The General Hospital has run up a backlog of maintenance work totalling £32million, with the majority of the cost being repairs to areas that were originally scheduled for demolition, it has emerged.
The news comes as States Members prepare to debate whether they should take the current hospital site off the table, and reopen the location debate.
This figure, along with the projection that the current Hospital will cost over £80million to run safely for the next 15 years, has emerged as a result of a written question asked of the Health Minister by Deputy Kevin Pamplin.
The Deputy’s question reads: “Will the Minister provide the list of maintenance work and any other vital building works that in his view is required to keep the current hospital running safely for the next 10 years?”
Pictured: Deputy Kevin Pamplin has asked the Health Minister to detail the ongoing maintenance costs associated with the current site for the next decade.
This comes after Deputy Pamplin, who is also Chairman of the Future Hospital Scrutiny panel, published a strongly-worded report criticising the Chief Minister and attempting to put the current site back on the table for the Future Hospital build.
In response to the question, Health Minister Deputy Richard Renouf provides a table detailing the current costs associated with the current Hospital as of this month, explaining that the figures have been put together as a result of the department’s building condition survey of the Hospital which is currently underway.
The table indicates that, as of this month, the General Hospital has a maintenance cost backlog of £32,111,174 – a figure that is mainly down to unexpected costs associated with maintaining parts of the site scheduled for demolition to make way for the new health estate.
Pictured: The table provided by the Health Minister in response to Deputy Pamplin's question regarding ongoing Hospital maintenance costs (States Assembly/Health and Community Services)
Alongside the table, the Health Minister explains: “The relatively large amount in ‘Year 0’ (£32m) reflects the accumulated deferred backlog maintenance.

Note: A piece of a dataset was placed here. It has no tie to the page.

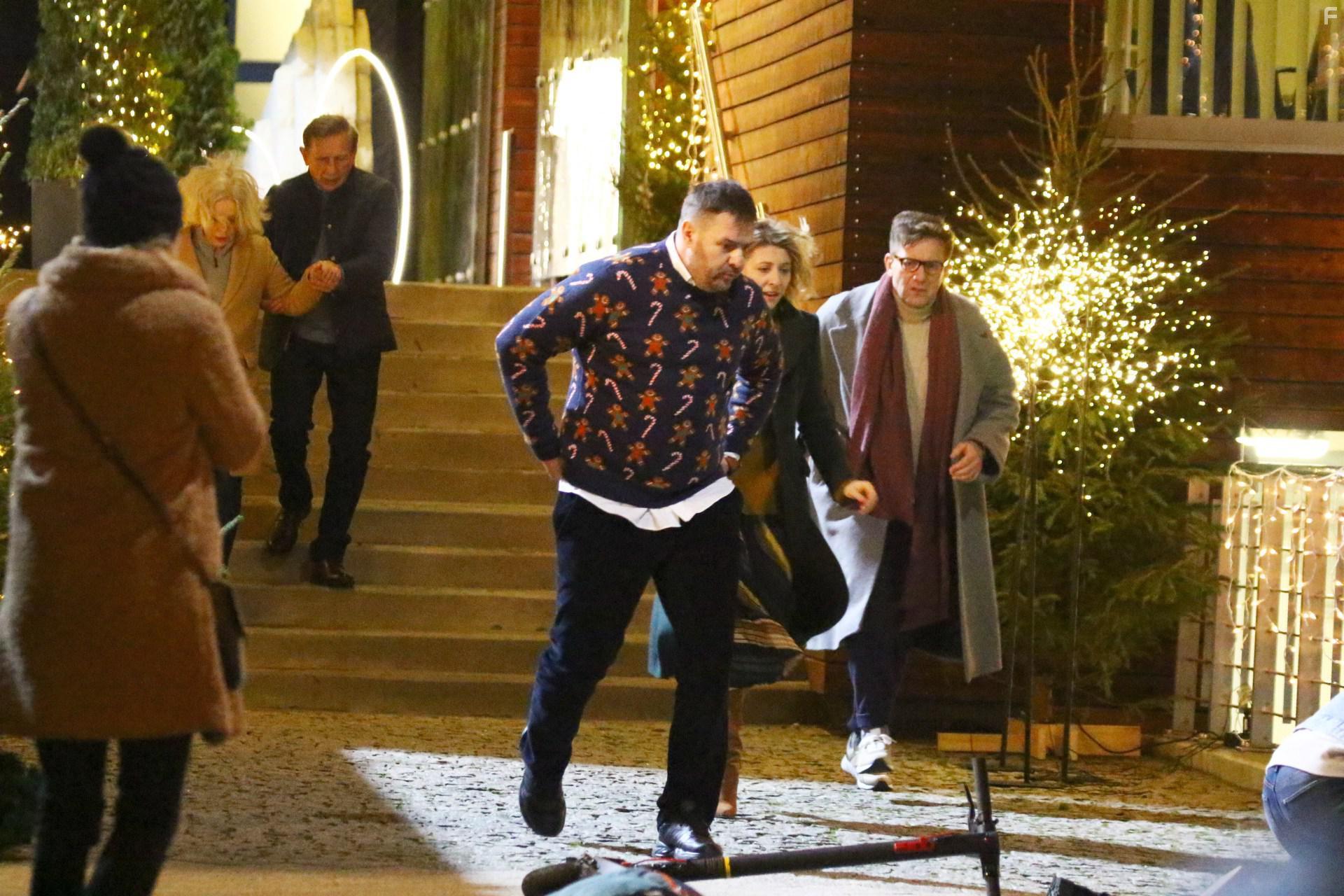 Jan Englert, Tomasz Karolak, Rafal Krlikowski, Malgorzata Zajaczkowska, and Anna Smolowik in To musi byc milosc (2021)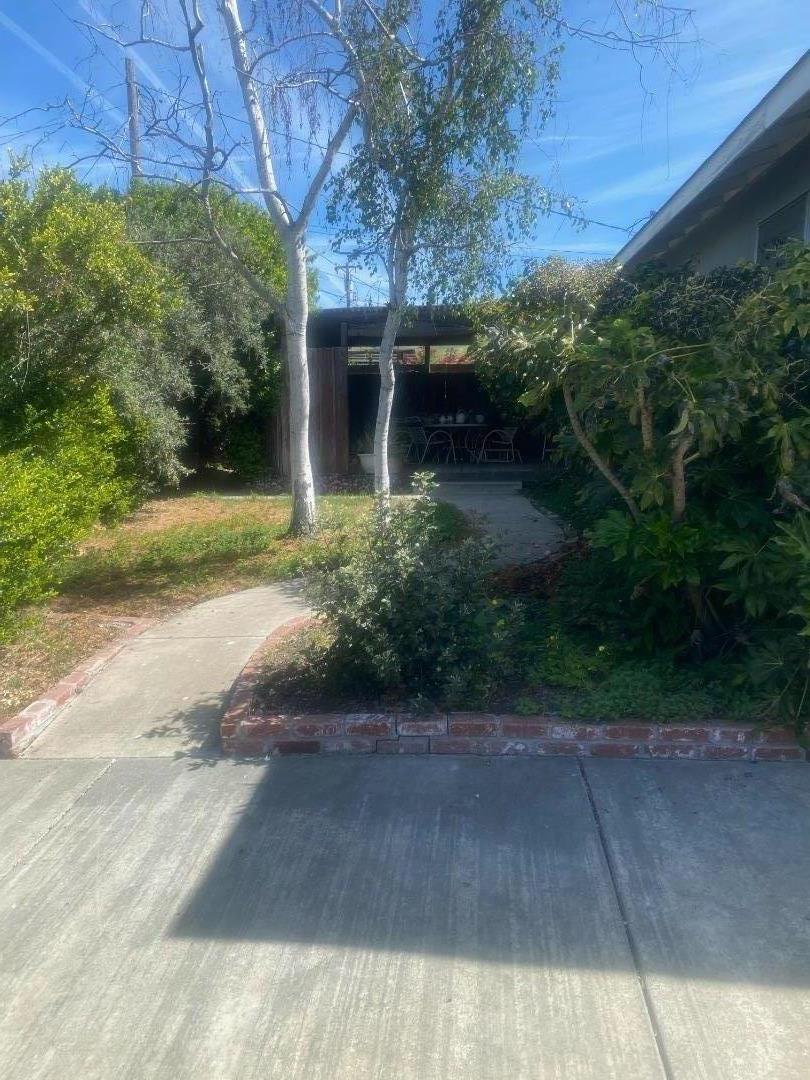 Detail Gallery Image 4 of 6 For 1601 Big Bend Dr, Milpitas,  CA 95035 - 3 Beds | 2 Baths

"Much of this work was deferred because buildings were programmed for early demolition as part of the Future Hospital Project. These buildings will now need investment not previously considered."
It is also indicated that the figures only reflect the cost of the General Hospital and that other health facilities in the island will need to be surveyed separately to get a full-picture of the maintenance costs facing the department.
Pictured: The maintenance costs detailed in the Health Minister's response only include those for the General Hospital rather than all health facilities across the island.
In his response, the Health Minister also explained that these figures are baseline estimations. He writes that the figures “do not include the capital costs of other vital building works, particularly those associated with providing additional hospital bed[s], operating theatre or outpatient clinic capacity that will be needed to meet the demand created by the increasingly ageing demographic on the island".
“Nor do they include any additional costs such as service decant and temporary buildings, associated with enabling backlog maintenance projects to proceed,” he added.
The figures also don’t take into consideration “the impact of inflation on any programmed works".
Therefore, Deputy Renouf concludes that “these costs set out in this written answer are likely to represent only the minimumcosts required to keep the current General Hospital statutory and regulatory compliant for the next 10 years".
These figures come to light ahead of the debate on Deputy Russell Labey’s proposition to reverse the previous States’ decision to rebuild the new Hospital on the current site, which is due to kick off this afternoon.